Figure 13. SPOD relative mode energy as a function of frequency, 12$^{\circ }$ flare, $Re_\infty =12.7\times 10^6\ {\rm m}^{-1}$.

Disturbance frequency mode shapes of several frequencies from the SPOD analysis are displayed in figure 14. All SPOD images use the same intensity scale. The separation bubble edge, determined by the zero-velocity streamline from the computations, is plotted as a dashed green line in each image, and the boundary-layer edge is displayed as a solid yellow line. Four distinct mode shapes were observed in the shear layer and/or reattached boundary layer along the flare. At 10 kHz, a ‘flapping’ mode was seen, which could also be observed visually in the unprocessed schlieren. This mode appears primarily downstream of reattachment, and tended to correspond with broad, coherent motion of the boundary layer itself. At 34 kHz, approximately 10 mm wide fluctuations can be observed in the shear layer, which begin to dampen downstream of reattachment. Narrow peaks at the same frequency were also observed in the PCB and Kulite spectra (e.g. in figure 10b), but have not previously been a focus of study. At 98 kHz, the shear-layer instability can be observed clearly. It begins amplifying along the shear layer, and continues to amplify downstream of reattachment. Finally, the second mode is seen at 234 kHz. Like the shear-layer instability, it is present in both the shear layer and downstream of reattachment.

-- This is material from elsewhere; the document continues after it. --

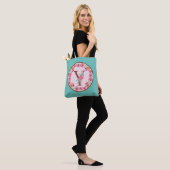 Monogram Y Letter met Peony Flower Afbeelding Canv Draagtas (Op model)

Figure 14. SPOD mode shapes near reattachment for the 12$^{\circ }$ flare at $Re_\infty =12.7\times 10^6\ {\rm m}^{-1}$. The computed bubble edge is denoted by the dashed green line, while the computed boundary-layer edge is displayed as a solid yellow line. Flow is primarily from left to right, and the intensity scale is the same between images. Frequencies are (a) 10 kHz, (b) 34 kHz, (c) 52 kHz, (d) 98 kHz, (e) 178 kHz and (f) 234 kHz.

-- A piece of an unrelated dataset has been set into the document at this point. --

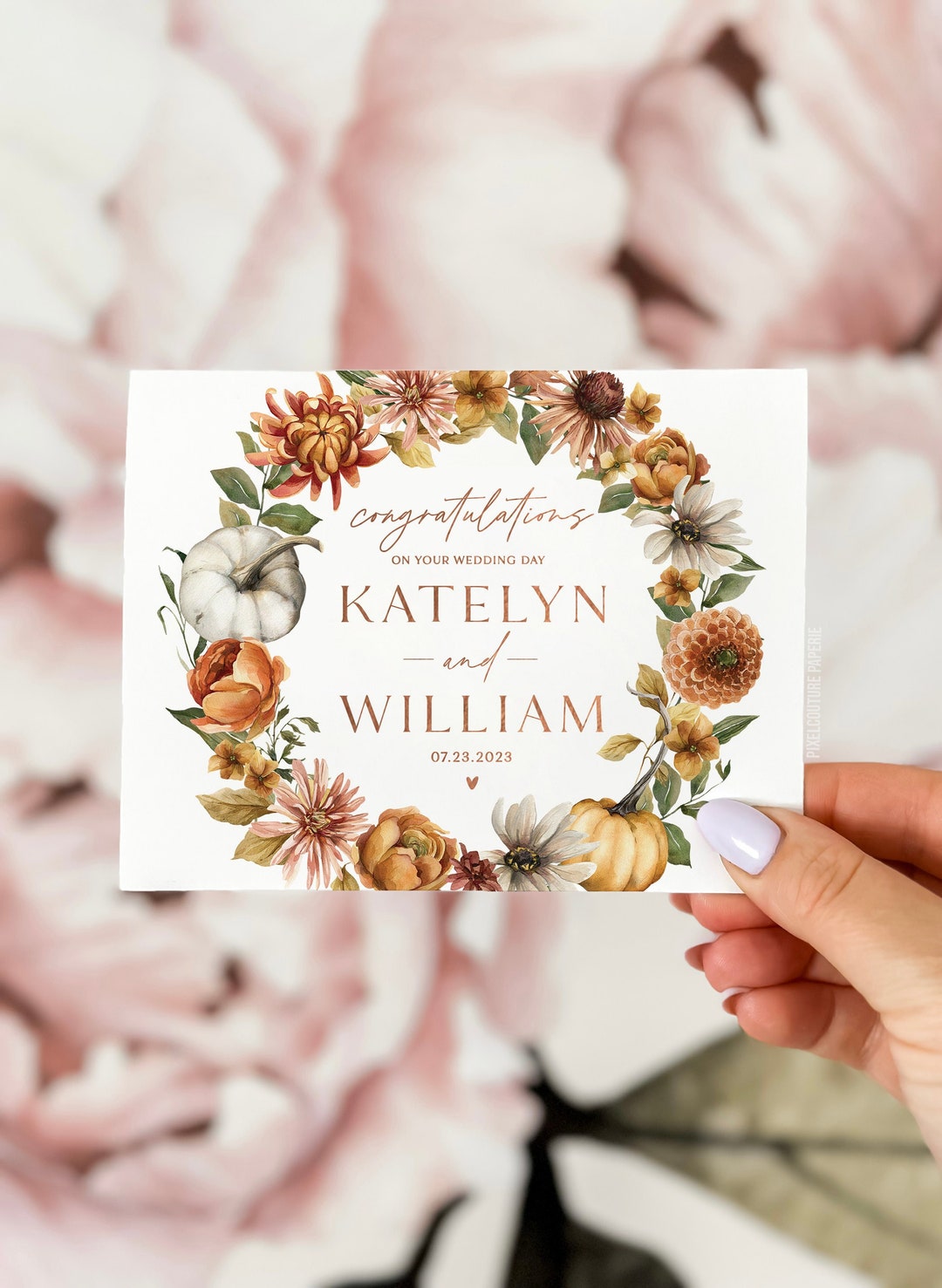 Personalized Wedding Day Card, Congrats Wedding Day Card, Fall Wedding ...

An additional observation from the SPOD analysis is that the lower-frequency fluctuations and the shear-layer and second-mode instabilities were well isolated in frequency space, supporting the notion that they are distinct from each other. The lack of any strong, coherent disturbances in the bands between these fluctuations is apparent in figures 14(c) and 14(e). No coherent fluctuations were observed above 270 kHz. This contrasts with SPOD results for turbulent boundary layers, where coherent content can be extracted across a broad spectrum of frequencies continuously (Hill et al. Reference Hill, Borg, Benitez and Reeder2023).

Numerical schlieren mode shapes at corresponding frequencies are displayed in figure 15. The separation bubble and boundary-layer edge are plotted in the same way as in figure 14. These images are qualitative, as the mode shapes are determined independently for each frequency using a linear solver, so the relative amplitudes of the numerical disturbance frequency modes cannot be compared directly as they can for the experimental SPOD. Therefore, the intensity scales vary between the different frequency modes to highlight the shape of each disturbance. This qualitative nature is exemplified in the lack of coherent fluctuations at 178 kHz in the experiments, due to the low amplitude of this mode (figure 14e), but in the computations, the mode shape can be seen clearly due to the manual scaling. Good agreement in wavelength, shape and location can be observed between the mode shapes obtained from the experimental SPOD images and those computed with the numerical schlieren.

Figure 15. Numerical schlieren mode shapes near reattachment for the 12$^{\circ }$ flare at $Re_\infty =12.6\times 10^6\ {\rm m}^{-1}$. The computed separation bubble edge is denoted by the dashed green line, while the computed boundary-layer edge is displayed as a solid yellow line. Flow is primarily from left to right, and the intensity scale is adjusted independently for each image to better visualize the mode shape. Frequencies are (a) 10 kHz, (b) 34 kHz, (c) 52 kHz, (d) 98 kHz, (e) 178 kHz and (f) 234 kHz.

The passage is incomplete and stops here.